— Material for the task —

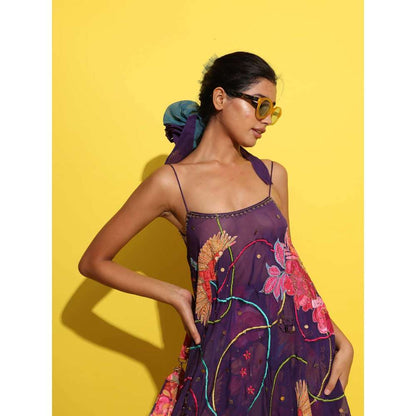 Rishi & Vibhuti Purple Chubut Kurta with Pant (Set of 2)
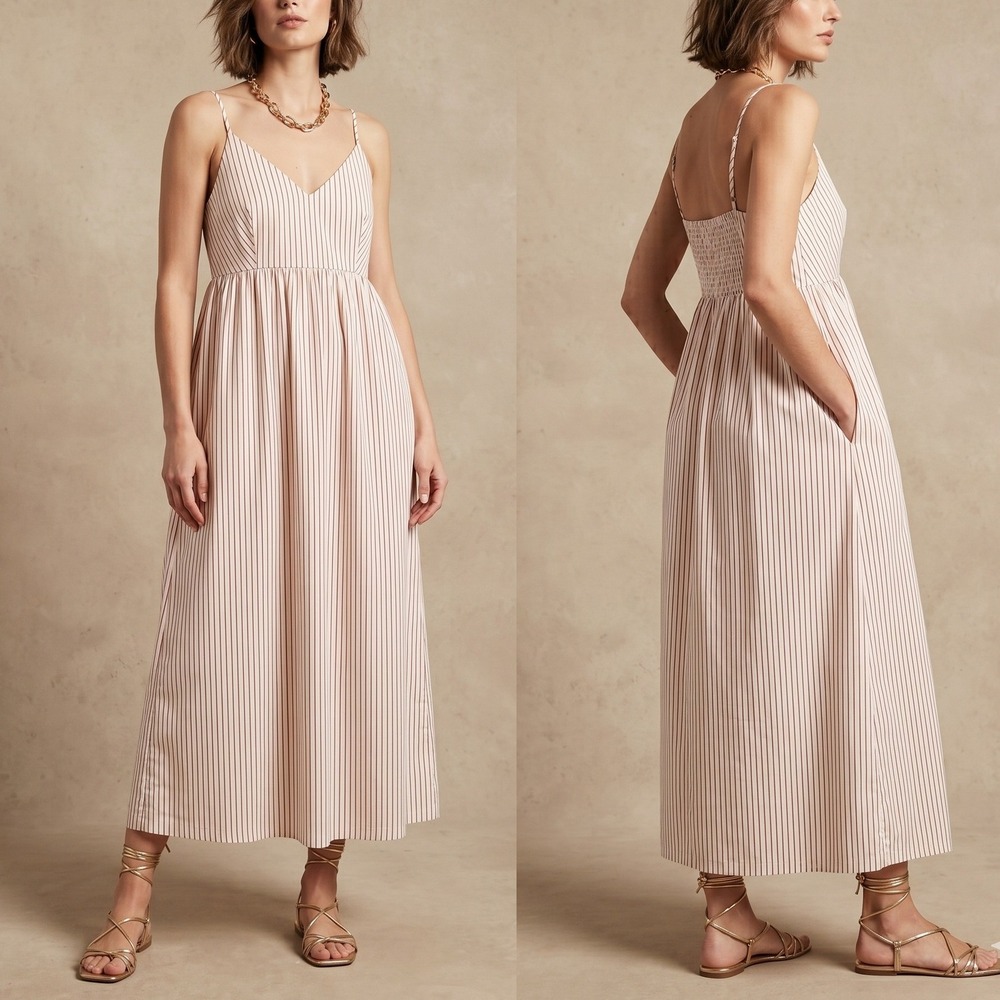 Quince Organic Cotton Spaghetti Strap Maxi Dress Size Large Pinstripe Cream Red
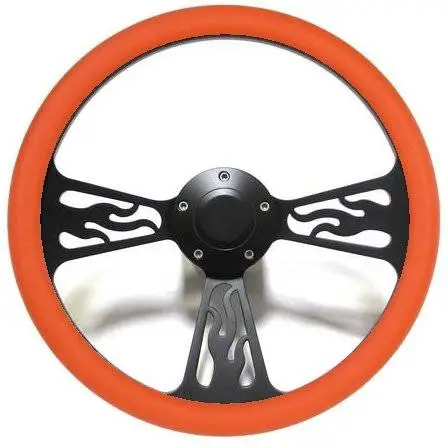 14" Black Billet Flamed Steering Wheel w/Your Choice of Horn and Half-Wrap thumbnail 10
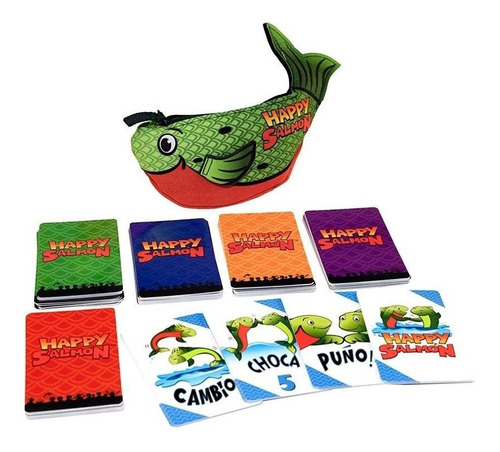 Happy Salmon Juego Mesa Cartas - Cartuchera Portable Salmon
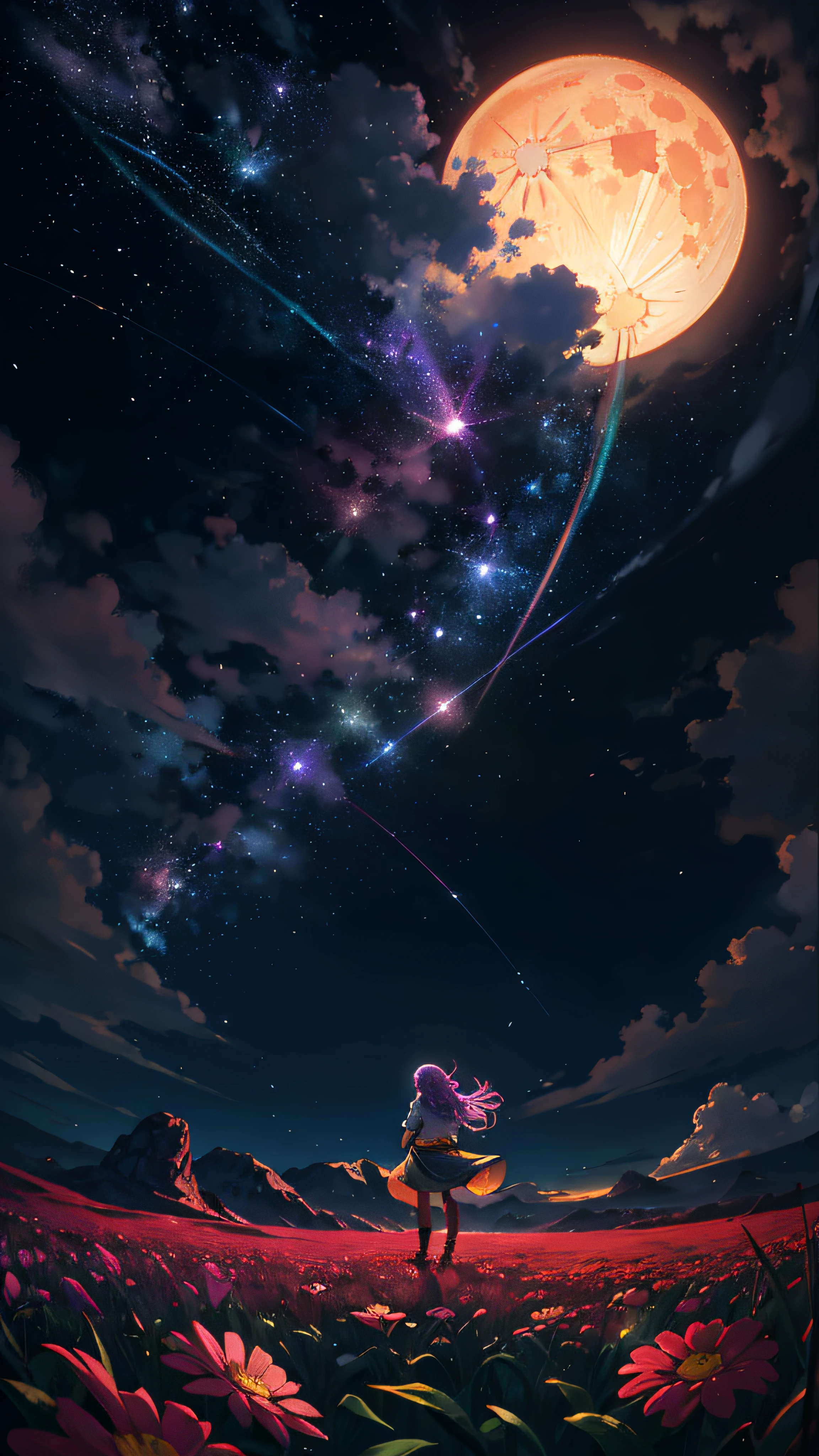 Octanes, The sky, Star (The sky), scenery, Milky Way, starlight skies, night, 1 girl, nightsky, 独奏, out door, signature, building, Cloud, comet, Milky Way, seat, tree, Long Hair, town, silhouette, Cityscape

— Exercise aim —
From the material above, copy everything exactly but the pictures.

— Exercise response —
 Rishi & Vibhuti Purple Chubut Kurta with Pant (Set of 2)
 Quince Organic Cotton Spaghetti Strap Maxi Dress Size Large Pinstripe Cream Red
 14" Black Billet Flamed Steering Wheel w/Your Choice of Horn and Half-Wrap thumbnail 10
 Happy Salmon Juego Mesa Cartas - Cartuchera Portable Salmon
 Octanes, The sky, Star (The sky), scenery, Milky Way, starlight skies, night, 1 girl, nightsky, 独奏, out door, signature, building, Cloud, comet, Milky Way, seat, tree, Long Hair, town, silhouette, Cityscape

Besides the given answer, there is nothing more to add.